■ Brief: Look below for the line that has "Šarvuotas stovas laikiklis". Set down the lines from there through the line that has "Apoya Brazo para Inodoro - Aqualia", exactly as written.

# # # #

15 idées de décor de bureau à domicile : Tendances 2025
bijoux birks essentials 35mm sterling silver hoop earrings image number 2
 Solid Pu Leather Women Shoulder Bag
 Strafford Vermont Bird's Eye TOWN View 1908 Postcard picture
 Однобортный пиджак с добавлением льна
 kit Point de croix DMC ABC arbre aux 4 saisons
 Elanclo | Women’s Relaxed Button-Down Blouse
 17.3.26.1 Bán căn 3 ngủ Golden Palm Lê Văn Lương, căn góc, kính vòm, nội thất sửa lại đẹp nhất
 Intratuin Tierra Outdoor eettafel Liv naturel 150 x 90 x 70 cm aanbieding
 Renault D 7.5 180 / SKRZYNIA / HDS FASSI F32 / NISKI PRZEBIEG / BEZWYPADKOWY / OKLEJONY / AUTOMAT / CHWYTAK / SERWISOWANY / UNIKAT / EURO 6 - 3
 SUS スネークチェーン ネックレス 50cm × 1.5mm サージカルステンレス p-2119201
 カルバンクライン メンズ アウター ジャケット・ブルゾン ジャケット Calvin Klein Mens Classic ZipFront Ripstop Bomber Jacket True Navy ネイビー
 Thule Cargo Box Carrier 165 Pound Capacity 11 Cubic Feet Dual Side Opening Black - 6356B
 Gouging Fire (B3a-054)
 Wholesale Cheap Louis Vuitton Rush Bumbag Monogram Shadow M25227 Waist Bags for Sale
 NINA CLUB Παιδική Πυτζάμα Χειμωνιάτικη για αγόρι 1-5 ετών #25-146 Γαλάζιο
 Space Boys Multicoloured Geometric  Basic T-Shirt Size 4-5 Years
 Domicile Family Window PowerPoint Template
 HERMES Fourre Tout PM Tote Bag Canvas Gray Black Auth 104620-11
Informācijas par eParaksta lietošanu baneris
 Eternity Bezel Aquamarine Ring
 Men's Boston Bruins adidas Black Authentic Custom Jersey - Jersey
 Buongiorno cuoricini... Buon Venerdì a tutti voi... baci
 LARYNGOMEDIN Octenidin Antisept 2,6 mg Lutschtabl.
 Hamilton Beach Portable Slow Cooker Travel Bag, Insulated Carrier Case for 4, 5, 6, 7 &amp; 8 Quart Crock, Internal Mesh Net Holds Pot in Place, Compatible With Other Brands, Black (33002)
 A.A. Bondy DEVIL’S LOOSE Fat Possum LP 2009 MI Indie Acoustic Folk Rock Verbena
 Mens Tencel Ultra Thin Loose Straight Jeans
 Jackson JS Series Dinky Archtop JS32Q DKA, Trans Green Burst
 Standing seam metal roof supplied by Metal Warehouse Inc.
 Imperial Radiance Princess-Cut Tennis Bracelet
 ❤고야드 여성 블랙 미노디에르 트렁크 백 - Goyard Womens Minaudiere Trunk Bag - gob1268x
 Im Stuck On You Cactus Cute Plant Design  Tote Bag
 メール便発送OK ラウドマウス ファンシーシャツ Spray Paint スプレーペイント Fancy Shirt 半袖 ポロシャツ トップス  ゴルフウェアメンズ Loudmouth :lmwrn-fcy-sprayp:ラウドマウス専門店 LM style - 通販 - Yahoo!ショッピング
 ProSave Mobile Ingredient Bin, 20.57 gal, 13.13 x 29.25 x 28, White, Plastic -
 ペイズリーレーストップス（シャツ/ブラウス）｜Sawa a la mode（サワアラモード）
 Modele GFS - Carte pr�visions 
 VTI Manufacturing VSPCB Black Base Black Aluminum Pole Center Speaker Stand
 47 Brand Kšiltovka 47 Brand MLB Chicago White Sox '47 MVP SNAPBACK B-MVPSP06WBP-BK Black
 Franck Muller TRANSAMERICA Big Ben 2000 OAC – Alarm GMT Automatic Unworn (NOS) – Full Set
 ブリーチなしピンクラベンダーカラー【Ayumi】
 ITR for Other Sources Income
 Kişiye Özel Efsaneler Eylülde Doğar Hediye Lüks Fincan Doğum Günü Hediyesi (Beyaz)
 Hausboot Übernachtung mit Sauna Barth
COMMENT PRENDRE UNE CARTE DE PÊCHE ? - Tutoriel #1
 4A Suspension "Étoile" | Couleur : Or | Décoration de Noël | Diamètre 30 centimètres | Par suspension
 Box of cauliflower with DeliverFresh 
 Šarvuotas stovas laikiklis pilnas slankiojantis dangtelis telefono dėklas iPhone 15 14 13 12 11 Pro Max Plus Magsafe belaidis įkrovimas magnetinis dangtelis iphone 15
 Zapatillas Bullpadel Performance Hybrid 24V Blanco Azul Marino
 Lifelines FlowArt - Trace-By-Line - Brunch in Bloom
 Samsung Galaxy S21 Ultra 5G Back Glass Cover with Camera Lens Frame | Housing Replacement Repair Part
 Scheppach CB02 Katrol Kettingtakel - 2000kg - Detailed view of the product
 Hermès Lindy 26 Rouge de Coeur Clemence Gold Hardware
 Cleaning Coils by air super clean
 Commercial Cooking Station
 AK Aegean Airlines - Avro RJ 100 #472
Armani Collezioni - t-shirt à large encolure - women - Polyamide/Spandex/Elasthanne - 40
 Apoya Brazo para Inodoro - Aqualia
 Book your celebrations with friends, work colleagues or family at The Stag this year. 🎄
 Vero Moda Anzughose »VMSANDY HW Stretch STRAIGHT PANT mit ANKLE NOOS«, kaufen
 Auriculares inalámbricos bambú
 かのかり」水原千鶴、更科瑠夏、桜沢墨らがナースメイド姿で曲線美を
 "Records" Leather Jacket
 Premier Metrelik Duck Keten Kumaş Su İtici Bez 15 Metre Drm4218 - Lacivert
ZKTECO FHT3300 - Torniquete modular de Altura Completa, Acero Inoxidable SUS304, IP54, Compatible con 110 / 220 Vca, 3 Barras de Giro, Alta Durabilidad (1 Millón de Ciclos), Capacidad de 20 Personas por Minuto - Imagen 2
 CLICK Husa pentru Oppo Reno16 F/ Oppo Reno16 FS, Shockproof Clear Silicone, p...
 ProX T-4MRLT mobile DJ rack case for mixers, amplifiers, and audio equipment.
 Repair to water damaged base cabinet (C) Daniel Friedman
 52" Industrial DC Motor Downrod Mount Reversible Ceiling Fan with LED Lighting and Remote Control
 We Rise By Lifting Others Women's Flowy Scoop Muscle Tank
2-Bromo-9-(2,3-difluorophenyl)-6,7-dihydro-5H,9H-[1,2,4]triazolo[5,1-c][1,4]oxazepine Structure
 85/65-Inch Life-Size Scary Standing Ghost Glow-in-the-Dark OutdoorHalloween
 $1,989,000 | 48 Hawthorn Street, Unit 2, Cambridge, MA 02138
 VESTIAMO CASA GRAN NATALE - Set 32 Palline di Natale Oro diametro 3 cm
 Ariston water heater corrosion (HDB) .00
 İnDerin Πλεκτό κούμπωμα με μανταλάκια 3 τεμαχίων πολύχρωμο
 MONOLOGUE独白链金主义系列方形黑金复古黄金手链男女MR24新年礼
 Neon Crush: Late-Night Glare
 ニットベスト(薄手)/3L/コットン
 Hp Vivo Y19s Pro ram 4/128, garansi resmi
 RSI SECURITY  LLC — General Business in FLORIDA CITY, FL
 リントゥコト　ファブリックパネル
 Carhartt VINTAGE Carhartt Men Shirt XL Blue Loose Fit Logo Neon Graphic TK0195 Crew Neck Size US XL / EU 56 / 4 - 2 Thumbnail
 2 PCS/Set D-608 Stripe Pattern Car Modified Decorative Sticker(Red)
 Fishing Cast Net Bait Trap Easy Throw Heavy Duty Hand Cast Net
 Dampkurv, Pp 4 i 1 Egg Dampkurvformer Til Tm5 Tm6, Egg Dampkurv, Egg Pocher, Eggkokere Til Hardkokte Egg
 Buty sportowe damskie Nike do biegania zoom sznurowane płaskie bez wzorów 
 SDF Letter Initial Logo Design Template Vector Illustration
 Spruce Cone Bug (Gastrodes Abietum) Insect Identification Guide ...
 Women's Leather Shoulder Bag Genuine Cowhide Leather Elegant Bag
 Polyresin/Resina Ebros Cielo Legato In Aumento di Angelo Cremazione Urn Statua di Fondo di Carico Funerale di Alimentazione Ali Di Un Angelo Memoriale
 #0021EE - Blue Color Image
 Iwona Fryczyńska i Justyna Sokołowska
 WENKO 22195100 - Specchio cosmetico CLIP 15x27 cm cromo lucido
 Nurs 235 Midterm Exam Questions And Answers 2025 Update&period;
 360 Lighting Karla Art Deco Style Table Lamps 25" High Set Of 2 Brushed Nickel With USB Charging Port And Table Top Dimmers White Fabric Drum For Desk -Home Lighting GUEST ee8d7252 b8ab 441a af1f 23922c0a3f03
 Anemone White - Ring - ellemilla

# # # #

■ Response for this exercise:
 Šarvuotas stovas laikiklis pilnas slankiojantis dangtelis telefono dėklas iPhone 15 14 13 12 11 Pro Max Plus Magsafe belaidis įkrovimas magnetinis dangtelis iphone 15
 Zapatillas Bullpadel Performance Hybrid 24V Blanco Azul Marino
 Lifelines FlowArt - Trace-By-Line - Brunch in Bloom
 Samsung Galaxy S21 Ultra 5G Back Glass Cover with Camera Lens Frame | Housing Replacement Repair Part
 Scheppach CB02 Katrol Kettingtakel - 2000kg - Detailed view of the product
 Hermès Lindy 26 Rouge de Coeur Clemence Gold Hardware
 Cleaning Coils by air super clean
 Commercial Cooking Station
 AK Aegean Airlines - Avro RJ 100 #472
Armani Collezioni - t-shirt à large encolure - women - Polyamide/Spandex/Elasthanne - 40
 Apoya Brazo para Inodoro - Aqualia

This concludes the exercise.